The ONS estimated there were around 1.5 million contracts that do not guarantee a minimum number of hours, confirming that many workers are on more than one zero-hours contract.
The figure, for January, is 91,000 higher than the same month last year.
The new figures fuelled fresh controversy over the use of the contracts, under which employees do not know how much work they have from one week to the next.
Research published by the TUC shows that average weekly earnings for zero-hours workers are £188, compared with £479 for permanent workers.
Two-fifths of zero-hours workers earn less than £111 a week – the qualifying threshold for statutory sick pay – compared with one in 12 permanent employees.
TUC general secretary Frances O'Grady said: "Zero-hours contracts are a stark reminder of Britain's two-tier workforce.
"People employed on these contracts earn £300 a week less, on average, than workers in secure jobs.
"I challenge any minister or business leader to survive on a low-paid zero-hours contract job, not knowing from one day to the next how much work they will have."
The ONS said people on zero-hours contracts are more likely to be women, in full-time education, or older and younger workers.
Someone on one of the contracts usually works 25 hours a week.
The report said two out of five people on a zero-hours contract wanted more work, usually in their current job.
A Business Department spokesman said: "Zero-hours contracts have a part to play in a modern, flexible labour market.
"For workers such as students and those with caring responsibilities they provide a pathway to employment, particularly when the individual cannot commit to regular hours.
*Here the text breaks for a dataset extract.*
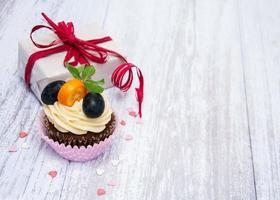 Cupcakes with fresh berries and gift box photo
"However we have acted to ban the use of exclusivity clauses in these contracts which prevent people from boosting their income when they have no guarantee of work.
"This is giving working people the freedom to take other work opportunities and more control over their work hours and income."
Unite assistant general secretary Steve Turner said: "The continued rise of zero-hours contracts underlines how Government claims to be on the side of working people are nothing more than lip service.
"These figures are the tip of an insecure iceberg - they do not include short-hours contracts and the wider rise in insecure, precarious work across the economy."
Chuka Umunna, shadow business secretary, said: "These stark figures show that the Tories are the party of insecurity at work.
"Zero-hours work is on the rise with the total number of contracts rising to 1.5 million and the number of people reporting their main source of employment as a zero-hours contract having risen by almost 20% since last year. At the same time, there are now over 1.2 million people working part-time because they could not find full-time work - 200,000 more than when the Tories took office in 2010.
"Ministers are watering down vital protections at work and have refused to act to protect workers on zero-hours contracts. As long as ministers are happy to sit aside and encourage the proliferation of insecure work, more and more people won't have the security of knowing where their next pay cheque is coming from or being able to plan ahead."
James Sproule, director of policy at the Institute of Directors, said: "Zero-hours contracts offer businesses and employees an important degree of flexibility. For skilled professionals, arrangements helped preserve jobs during the downturn and protected the UK from double-digit rates of unemployment.
"As businesses began to create jobs at a record pace, attention on the quality of those jobs and concerns around zero-hours contracts boomed. This helped make sure practices like exclusivity clauses – something which run contrary to the very flexibility zero-hours contracts were designed for – were stamped out."